==== Material supplied

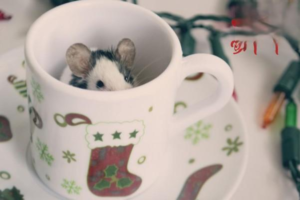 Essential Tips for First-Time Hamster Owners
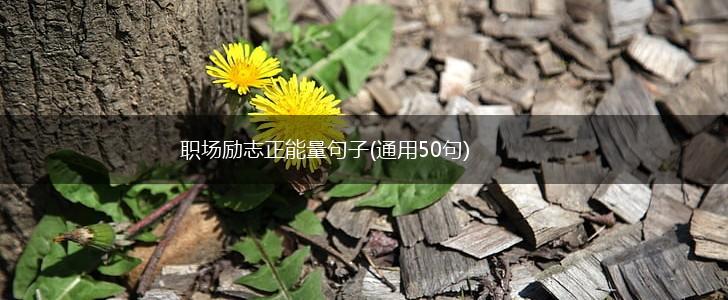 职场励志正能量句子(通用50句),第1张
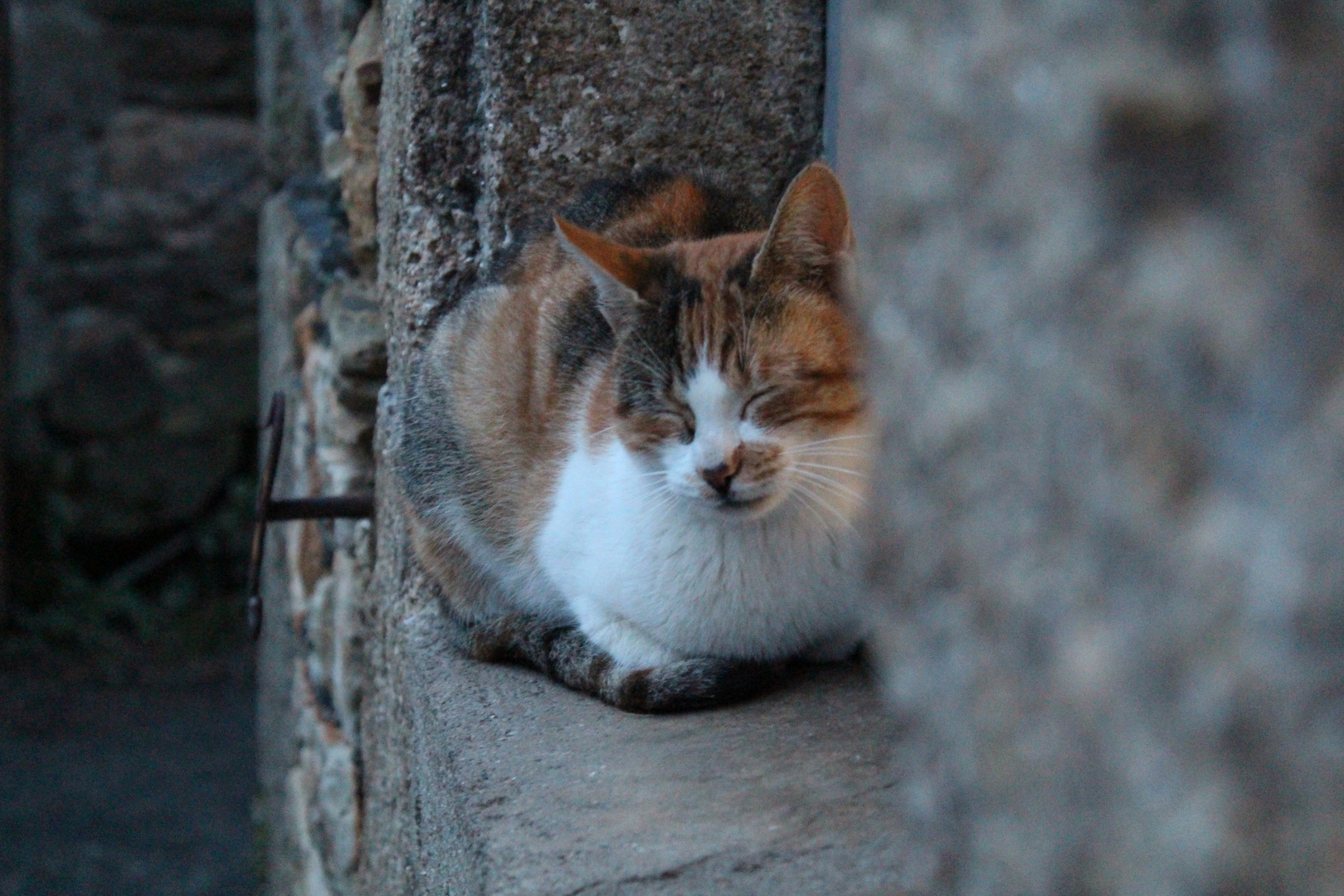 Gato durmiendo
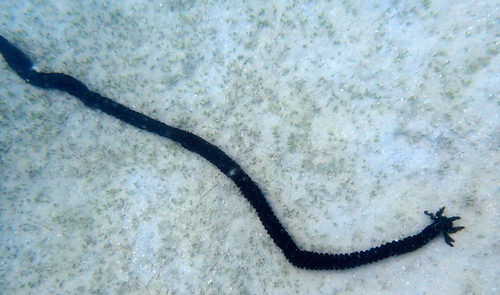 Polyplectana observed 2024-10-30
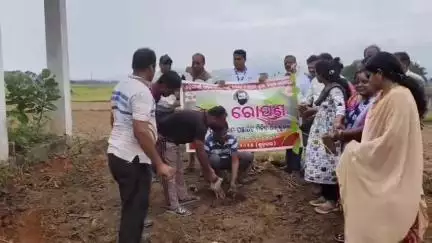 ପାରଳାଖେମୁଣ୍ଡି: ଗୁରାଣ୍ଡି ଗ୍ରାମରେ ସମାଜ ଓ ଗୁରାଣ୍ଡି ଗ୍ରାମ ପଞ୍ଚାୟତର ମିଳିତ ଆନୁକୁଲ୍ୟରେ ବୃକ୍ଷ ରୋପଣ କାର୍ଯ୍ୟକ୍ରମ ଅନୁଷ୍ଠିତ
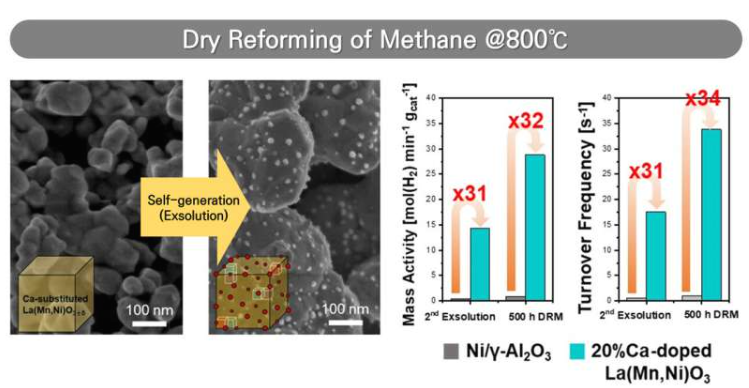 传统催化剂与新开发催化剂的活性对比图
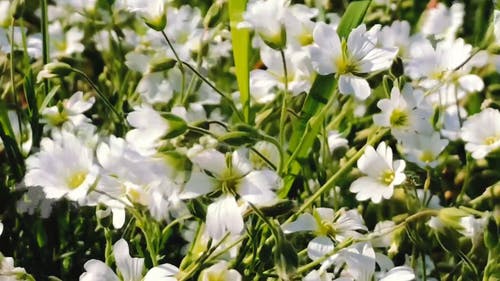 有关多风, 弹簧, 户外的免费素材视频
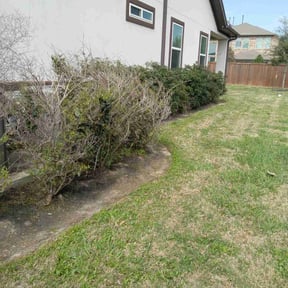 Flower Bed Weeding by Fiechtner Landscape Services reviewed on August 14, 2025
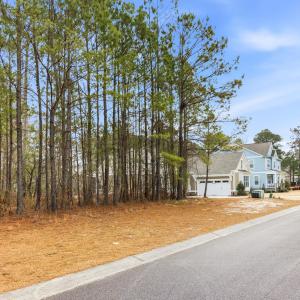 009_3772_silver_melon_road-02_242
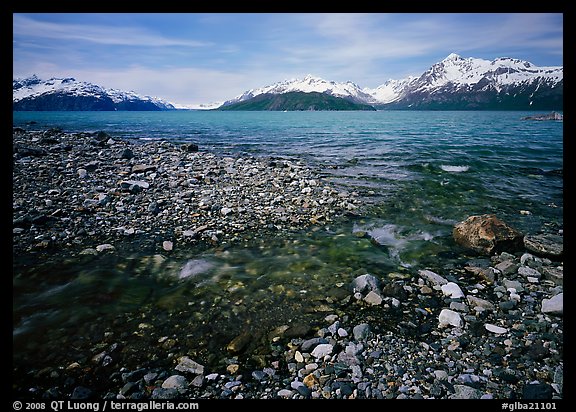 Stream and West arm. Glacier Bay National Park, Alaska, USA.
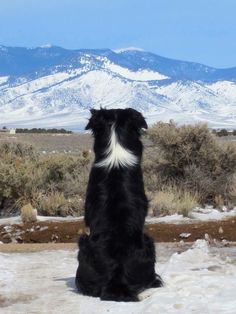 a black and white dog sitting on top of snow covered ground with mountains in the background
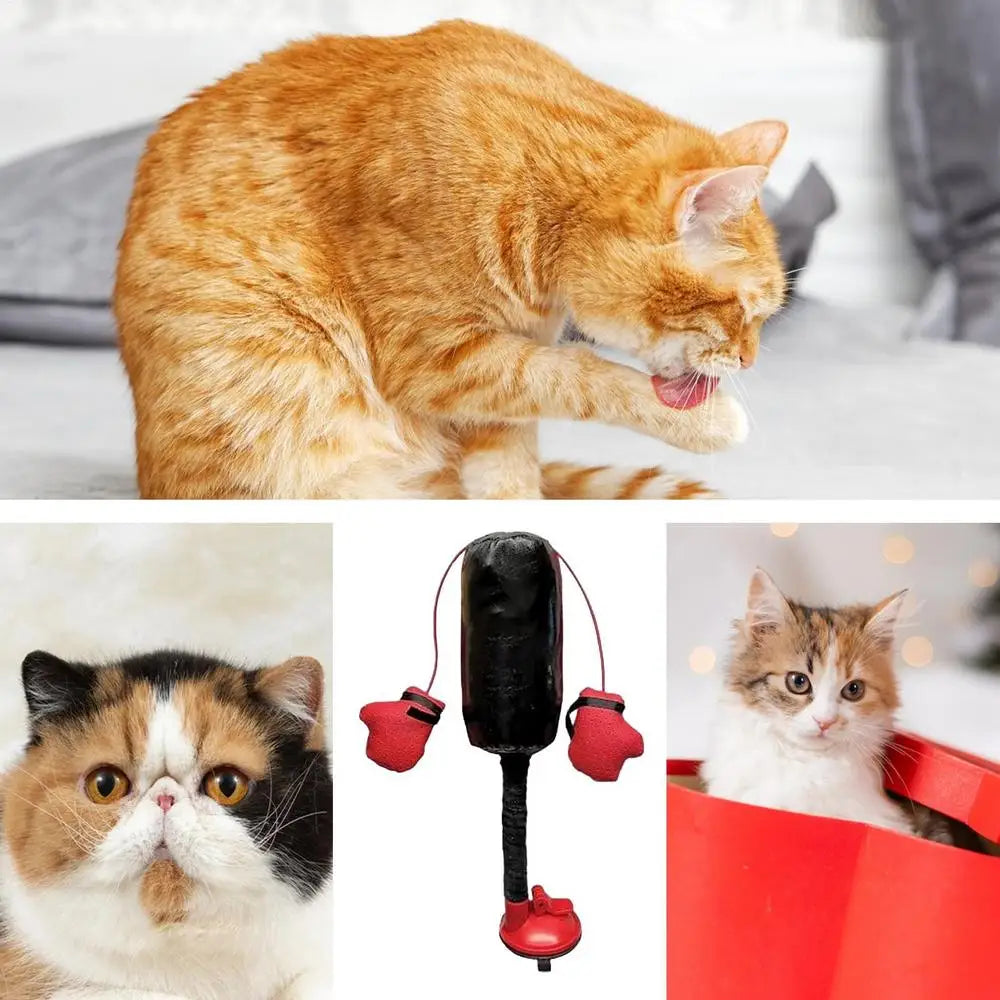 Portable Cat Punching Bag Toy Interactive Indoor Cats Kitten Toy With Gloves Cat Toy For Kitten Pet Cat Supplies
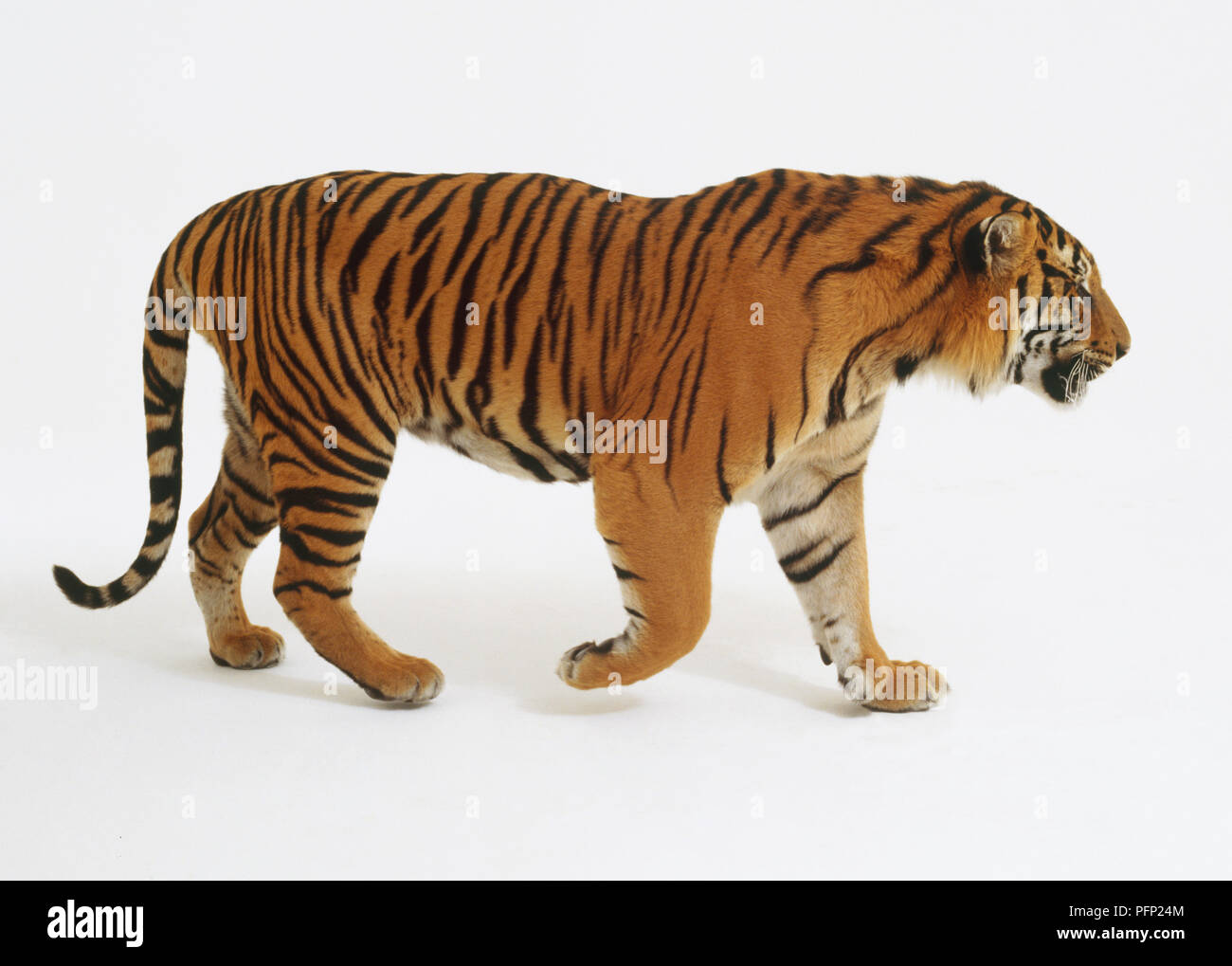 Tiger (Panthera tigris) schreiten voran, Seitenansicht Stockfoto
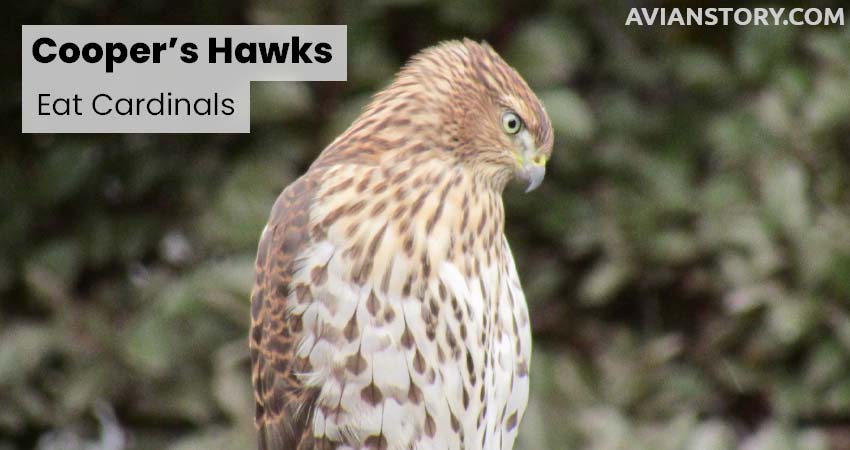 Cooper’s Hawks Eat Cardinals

========

◆ **What is being asked**: Exact lines, nothing more: output the one with "传统催化剂与新开发催化剂的活性对比图" and every later line through the end of the data, skipping pictures.

◆ **Answer to this task**:
 传统催化剂与新开发催化剂的活性对比图
 有关多风, 弹簧, 户外的免费素材视频
 Flower Bed Weeding by Fiechtner Landscape Services reviewed on August 14, 2025
 009_3772_silver_melon_road-02_242
 Stream and West arm. Glacier Bay National Park, Alaska, USA.
 a black and white dog sitting on top of snow covered ground with mountains in the background
 Portable Cat Punching Bag Toy Interactive Indoor Cats Kitten Toy With Gloves Cat Toy For Kitten Pet Cat Supplies
 Tiger (Panthera tigris) schreiten voran, Seitenansicht Stockfoto
 Cooper’s Hawks Eat Cardinals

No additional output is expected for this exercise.